Я пришел в гости к Народному художнику России Николаю Александровичу Устинову в тот момент, когда на его столе была разложена новая работа — иллюстрации к деревенским рассказам моего любимого Юрия Коваля.
— Красиво! — вырвалось у меня.
— Вообще-то мне кажется, что любая деревня красива. А вот город — не всякий.
— Но родились-то вы в городе?
— Должен был родиться в Москве, поскольку мои папа и мама были в ту пору московскими студентами. Папа — из Горького, мама — рязанская. Она — химик, он — архитектор. Они, когда поженились, жили в общежитии на Соколе. И поселили их там с условием — только без детей. Поэтому мама уехала меня рожать к родителям в Рязань.
— И вы помните ее довоенной?
— Наш дом стоял около вокзала, и мне очень нравились поезда.

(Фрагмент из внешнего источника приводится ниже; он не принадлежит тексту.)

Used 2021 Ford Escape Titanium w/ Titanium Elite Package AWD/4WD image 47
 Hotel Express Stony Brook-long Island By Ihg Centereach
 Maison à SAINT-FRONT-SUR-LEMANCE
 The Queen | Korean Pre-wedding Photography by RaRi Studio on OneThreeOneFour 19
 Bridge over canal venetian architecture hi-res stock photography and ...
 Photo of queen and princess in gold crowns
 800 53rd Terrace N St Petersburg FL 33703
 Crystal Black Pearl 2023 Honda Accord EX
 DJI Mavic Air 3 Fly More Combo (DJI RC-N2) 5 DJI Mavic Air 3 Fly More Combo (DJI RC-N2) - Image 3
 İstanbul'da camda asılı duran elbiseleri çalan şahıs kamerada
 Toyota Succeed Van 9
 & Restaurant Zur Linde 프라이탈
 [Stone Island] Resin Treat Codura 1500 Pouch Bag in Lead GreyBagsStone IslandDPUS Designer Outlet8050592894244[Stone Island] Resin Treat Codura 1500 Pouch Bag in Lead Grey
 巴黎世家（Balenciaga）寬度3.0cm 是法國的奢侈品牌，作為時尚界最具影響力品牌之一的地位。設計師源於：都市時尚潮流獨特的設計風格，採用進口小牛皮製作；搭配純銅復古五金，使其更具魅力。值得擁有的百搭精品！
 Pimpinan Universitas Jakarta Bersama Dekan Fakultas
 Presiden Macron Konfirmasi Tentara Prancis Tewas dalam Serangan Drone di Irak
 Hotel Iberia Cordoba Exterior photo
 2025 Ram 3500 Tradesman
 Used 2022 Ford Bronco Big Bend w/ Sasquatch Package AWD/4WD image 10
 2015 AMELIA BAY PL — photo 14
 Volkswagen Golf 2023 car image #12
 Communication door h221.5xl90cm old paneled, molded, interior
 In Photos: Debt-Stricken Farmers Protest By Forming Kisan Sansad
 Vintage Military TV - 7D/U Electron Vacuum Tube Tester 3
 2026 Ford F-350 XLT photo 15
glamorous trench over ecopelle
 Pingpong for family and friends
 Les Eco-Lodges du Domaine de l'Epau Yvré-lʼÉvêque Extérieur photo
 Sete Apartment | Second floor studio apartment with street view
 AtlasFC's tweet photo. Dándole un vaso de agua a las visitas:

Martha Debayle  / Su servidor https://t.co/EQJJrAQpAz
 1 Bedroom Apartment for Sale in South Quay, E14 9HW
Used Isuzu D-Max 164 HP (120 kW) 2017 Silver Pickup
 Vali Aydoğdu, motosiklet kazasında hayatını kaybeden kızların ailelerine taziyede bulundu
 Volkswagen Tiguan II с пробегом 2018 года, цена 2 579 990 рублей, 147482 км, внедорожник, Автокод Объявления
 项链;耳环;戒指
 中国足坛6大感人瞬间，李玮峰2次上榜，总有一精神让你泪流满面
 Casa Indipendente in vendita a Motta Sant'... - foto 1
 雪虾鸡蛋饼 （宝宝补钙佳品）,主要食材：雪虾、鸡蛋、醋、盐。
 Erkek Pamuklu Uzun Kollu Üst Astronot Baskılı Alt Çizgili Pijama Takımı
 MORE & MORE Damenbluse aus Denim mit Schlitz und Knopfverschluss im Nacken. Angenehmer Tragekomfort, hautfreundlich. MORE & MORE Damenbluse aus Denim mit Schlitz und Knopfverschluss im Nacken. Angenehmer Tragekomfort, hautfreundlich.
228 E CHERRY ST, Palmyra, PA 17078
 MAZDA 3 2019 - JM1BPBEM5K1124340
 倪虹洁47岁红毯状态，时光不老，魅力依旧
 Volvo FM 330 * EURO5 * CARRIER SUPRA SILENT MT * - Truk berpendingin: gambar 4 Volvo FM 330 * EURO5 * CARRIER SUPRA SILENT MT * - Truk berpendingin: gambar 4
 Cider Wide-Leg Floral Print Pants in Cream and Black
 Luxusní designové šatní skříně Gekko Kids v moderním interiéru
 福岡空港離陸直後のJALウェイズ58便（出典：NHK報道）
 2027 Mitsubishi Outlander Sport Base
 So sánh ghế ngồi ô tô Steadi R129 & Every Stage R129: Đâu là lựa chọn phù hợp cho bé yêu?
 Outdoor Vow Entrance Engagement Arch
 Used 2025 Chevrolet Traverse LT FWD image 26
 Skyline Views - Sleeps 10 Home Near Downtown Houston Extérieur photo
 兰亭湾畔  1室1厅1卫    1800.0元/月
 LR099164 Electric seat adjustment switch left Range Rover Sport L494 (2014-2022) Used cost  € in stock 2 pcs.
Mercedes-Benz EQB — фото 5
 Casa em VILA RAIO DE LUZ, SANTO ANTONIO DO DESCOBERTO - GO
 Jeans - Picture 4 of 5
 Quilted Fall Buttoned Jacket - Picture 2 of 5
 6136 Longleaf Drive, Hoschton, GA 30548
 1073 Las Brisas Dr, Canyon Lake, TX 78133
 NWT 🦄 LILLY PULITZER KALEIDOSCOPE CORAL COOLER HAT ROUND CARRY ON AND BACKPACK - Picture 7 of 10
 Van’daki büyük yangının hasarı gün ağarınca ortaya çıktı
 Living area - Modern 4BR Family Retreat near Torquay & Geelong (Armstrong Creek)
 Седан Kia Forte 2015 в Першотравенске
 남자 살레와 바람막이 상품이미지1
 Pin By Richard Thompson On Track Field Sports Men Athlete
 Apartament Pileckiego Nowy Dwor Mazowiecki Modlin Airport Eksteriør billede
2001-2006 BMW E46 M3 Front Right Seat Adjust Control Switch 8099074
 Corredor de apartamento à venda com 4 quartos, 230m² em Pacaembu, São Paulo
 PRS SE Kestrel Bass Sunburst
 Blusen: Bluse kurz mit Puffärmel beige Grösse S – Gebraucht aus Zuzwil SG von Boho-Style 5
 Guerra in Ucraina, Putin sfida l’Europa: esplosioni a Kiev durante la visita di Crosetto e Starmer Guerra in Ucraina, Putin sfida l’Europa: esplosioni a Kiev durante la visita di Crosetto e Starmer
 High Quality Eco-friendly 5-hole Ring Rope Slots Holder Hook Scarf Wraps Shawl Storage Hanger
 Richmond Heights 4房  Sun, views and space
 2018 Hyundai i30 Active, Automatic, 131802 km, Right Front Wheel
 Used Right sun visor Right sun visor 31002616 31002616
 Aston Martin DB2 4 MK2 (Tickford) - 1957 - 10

Я выкладывал их на полу из всего, что попадало под руку — коробок всяких, тюбиков и прочего.
— Вы упоминаете тюбики — неужели вы рано начали рисовать?
— Нет, это были папины тюбики. Он ведь прекрасно рисовал и, глядя на него, я тоже стал пачкать бумагу. Из моих произведений того времени сохранилась некая каракуля, и рукой папы с моих слов подписано, что это такое: «Гусь открыл рот, и виден язычок».
Когда карандаш стал слушаться меня лучше, я все пытался вождей нарисовать — Сталина с усами, Ворошилова в портупее. Я ужасно любил вождей! Как предмет изображения, конечно. Когда наступали революционные праздники, я в восторге врывался в комнату, крича: «Бабуся, вождей повесили!».
— И что бабушка?
— Бабушка просила меня не кричать. Я обожал демонстрации — ухают литавры, трубят трубы, движется толпа, много всего несут — лозунги всякие, еще какую-то красоту на палках, флаги и опять же портреты вождей. Очень много красного цвета, ощущения праздника!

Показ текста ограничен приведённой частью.